[RECORDS FOR THIS TASK]
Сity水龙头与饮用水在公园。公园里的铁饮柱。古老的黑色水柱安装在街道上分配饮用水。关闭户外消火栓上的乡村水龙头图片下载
[/RECORDS FOR THIS TASK]
[RECORDS FOR THIS TASK]
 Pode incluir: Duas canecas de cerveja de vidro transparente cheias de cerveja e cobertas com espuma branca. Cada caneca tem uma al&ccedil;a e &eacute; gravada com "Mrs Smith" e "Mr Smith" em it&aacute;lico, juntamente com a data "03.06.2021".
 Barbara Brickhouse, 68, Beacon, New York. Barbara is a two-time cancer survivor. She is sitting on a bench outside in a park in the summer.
[/RECORDS FOR THIS TASK]
▸ **PROBLEM DETAILS**
Once you find the line with "Pode incluir: Duas" in the entries above, output it and each line after it up to and including the line with "Barbara Brickhouse, 68, Beacon, New", and nothing else.

▸ **EXERCISE RESPONSE**
 Pode incluir: Duas canecas de cerveja de vidro transparente cheias de cerveja e cobertas com espuma branca. Cada caneca tem uma al&ccedil;a e &eacute; gravada com "Mrs Smith" e "Mr Smith" em it&aacute;lico, juntamente com a data "03.06.2021".
 Barbara Brickhouse, 68, Beacon, New York. Barbara is a two-time cancer survivor. She is sitting on a bench outside in a park in the summer.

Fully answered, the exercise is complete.